I always wanted a shake froe to make kin'lin with.

http://www.logbuildingtools.ca/images/pic57a_b.jpg


----------



## Battenkiller (Jan 9, 2010)

I use a big ol' meat cleaver... just like the one in my sig line.  Works awesome, and scares the crap out of my in-laws when I come up the stairs with it in my hand and flashing my best Jack Nicholson face.


----------



## Wood Duck (Jan 10, 2010)

I use my 3 lb or so Fiskar's Pro Splitting Axe. It can also be used for large stuff, but it is light enough to use with one hand on the ax, one steadying to wood (until I swing the ax!, then I move the other hand out of the way)


----------



## Backwoods Savage (Jan 10, 2010)

Fast and easy way to make kindling,


----------



## LLigetfa (Jan 10, 2010)

Backwoods Savage said:
			
		

> Fast and easy way to make kindling,


You call that kindling?

This is kin'lin!
http://lh5.ggpht.com/_nX0X4MOKcKI/St4qcE3GFwI/AAAAAAAAAfs/T_jgksXkmwg/s640/100_0392.JPG


----------



## gpcollen1 (Jan 10, 2010)

TriTodd said:
			
		

> Why not just use a hatchet?  Cheap easy available effective and a multitasker.
> 
> t



Night and day like an axe and a maul...not even close...

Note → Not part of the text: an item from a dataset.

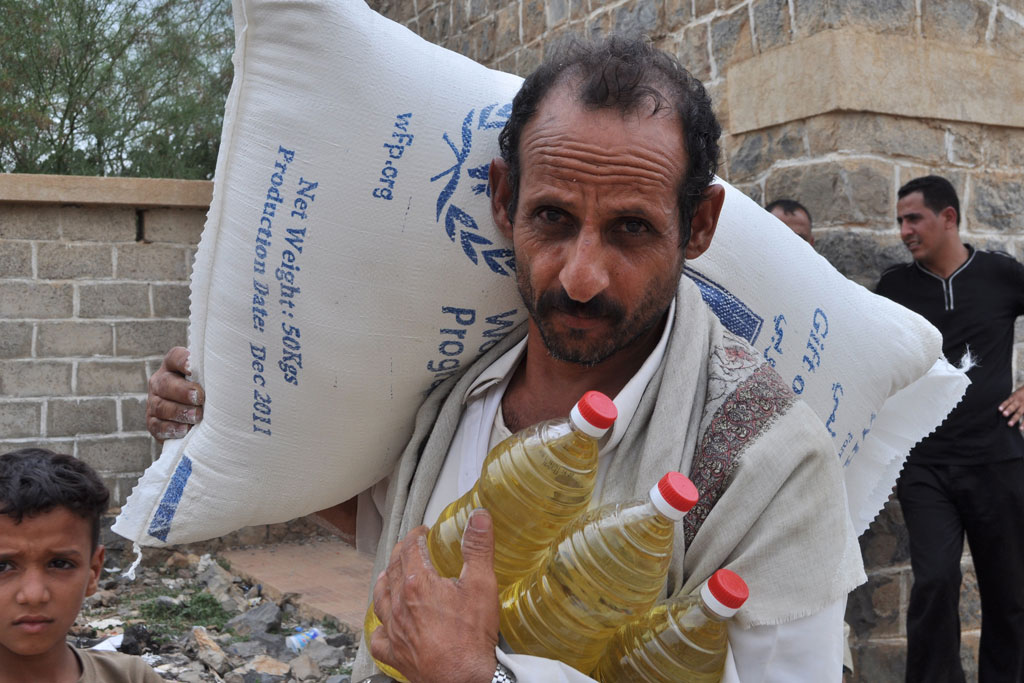 ثنائية الحرب والجوع تلتهم الشرائح الأشد فقرا في اليمن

This is my primary kindling maker as i burn most of the stuff my trees give me when I burn outside or fire up the Q.  The are light enough for swinging freely in the garage and turn a split or 2 into pile of seasoned kindling in minutes.  


This mini maul looks quite a bit like the little monster I have...

http://www.labonville.com/shop/pc/viewPrd.asp?idcategory=64&idproduct=200

This Estwing looks like a badass 4 lbs of splitting magic....

http://www.forestry-suppliers.com/product_pages/View_Catalog_Page.asp?mi=8526#


----------